Operation Hardstick challenged
FOREIGN traders in Limpopo are heading to the Supreme Court of Appeal (SCA) in a bid to have their rights to do business recognised and stock confiscated by police returned.
Today, the SCA will hear arguments by the Somali Association of SA and the Ethiopian Community of SA, who are demanding that Police Minister Nathi Nhleko, his labour and home affairs counterparts Mildred Oliphant and Malusi Gigaba, respectively, as well as Limpopo safety MEC Mapula Mokaba-Phukwana stop "Operation Hardstick".
National Police Commissioner General Riah Phiyega, provincial commissioner Lieutenant-General Sehlahle Masemola, the Greater Tubatse and Musina municipalities are also cited as respondents in the case.
Operation Hardstick was initiated by Limpopo police to shut down businesses operating without permits. Some traders and their employees were arrested.
The operation led to 600 foreign-owned businesses closing. "We suspended Operation Hardstick pending the finalisation of the foreign traders' case," said Limpopo police spokesman Brigadier Hangwani Mulaudzi.

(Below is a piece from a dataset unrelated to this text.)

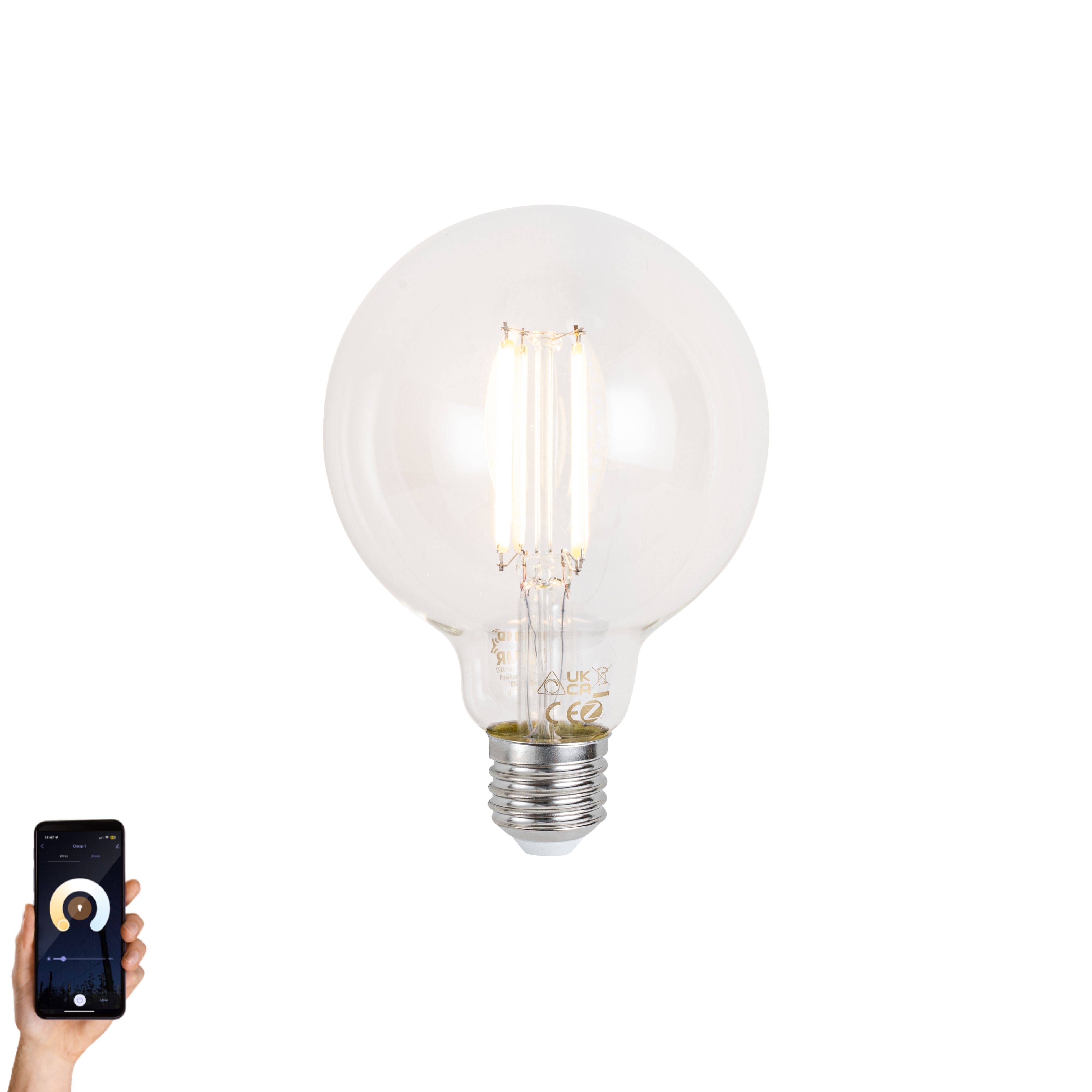 Smart E27 dimbare LED lamp G95 helder 7W 806 lm 2700-6500K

Somali and Ethiopian traders, who are represented by Lawyers for Human Rights, said police told them the permits must be in their own names and not their landlords and that foreigners are not allowed to run businesses in SA, according to court papers.

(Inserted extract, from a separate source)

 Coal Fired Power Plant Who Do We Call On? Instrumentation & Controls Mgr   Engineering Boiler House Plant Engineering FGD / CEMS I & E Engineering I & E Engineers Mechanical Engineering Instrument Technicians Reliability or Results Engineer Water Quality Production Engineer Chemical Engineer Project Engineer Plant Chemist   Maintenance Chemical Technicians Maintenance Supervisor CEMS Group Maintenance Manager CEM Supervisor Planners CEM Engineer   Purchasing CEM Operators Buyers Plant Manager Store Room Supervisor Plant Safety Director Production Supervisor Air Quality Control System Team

Foreign traders also claim they are unable to find employment in SA because of several barriers such as language difficulties, shortage of meaningful skills due to conditions in their countries, competition from local job seekers and xenophobic prejudice.
They say the only means of survival for them is by starting their own businesses.
In September last year, North Gauteng High Court Judge Natvarlal Ranchod dismissed the foreign traders' case, saying the matter fell within the executive sphere of government. The foreign traders are appealing Ranchod's judgment.